Court of Appeals judgment reversed in part.
Justice CAVANAGH concurred in the result only.
Justice ZAHRA, dissenting, stated that because MCL 205.52(1) places the burden of paying sales tax only on retailers and not on consumers, the Court should have afforded consumers a presumption that retailers had actually paid sales tax if it was evident that sales tax was due under the statute. He would have permitted the state to rebut this presumption by producing evidence that the tax was not paid or that the consumer transacted with an erroneous belief that, if true, would have entitled the transaction to be exempted from sales tax. Once the presumption was rebutted, the burden would return to the consumer to present evidence that the sales tax was actually paid or to establish that the consumer was properly entitled to some other exemption.

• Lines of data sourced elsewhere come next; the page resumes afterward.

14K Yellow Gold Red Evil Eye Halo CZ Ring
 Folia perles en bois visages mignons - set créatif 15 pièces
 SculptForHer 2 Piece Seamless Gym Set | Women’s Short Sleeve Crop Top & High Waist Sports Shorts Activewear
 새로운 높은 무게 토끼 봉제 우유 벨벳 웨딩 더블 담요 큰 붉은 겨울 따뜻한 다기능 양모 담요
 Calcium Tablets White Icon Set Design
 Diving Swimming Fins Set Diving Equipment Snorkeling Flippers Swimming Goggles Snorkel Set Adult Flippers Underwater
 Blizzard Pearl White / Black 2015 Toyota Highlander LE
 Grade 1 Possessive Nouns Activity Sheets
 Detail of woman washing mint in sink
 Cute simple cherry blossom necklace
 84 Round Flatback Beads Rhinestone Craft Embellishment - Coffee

In order to be entitled to the exemption from the use tax found in MCL 205.94(1)(a), one must show that the sales tax was both due and paid on the sale of that tangible personal property. The burden of demonstrating entitlement to this tax exemption rests on the taxpayer seeking the exemption. Accordingly, because Andrie has not submitted any evidence that sales tax was paid, Andrie has not carried its burden and is not entitled to the exemption delineated in MCL 205.94(1)(a). We reverse that portion of the Court of Appeals’ judgment which held that the use tax can never be levied on property if the purchase of that property was subject to sales tax.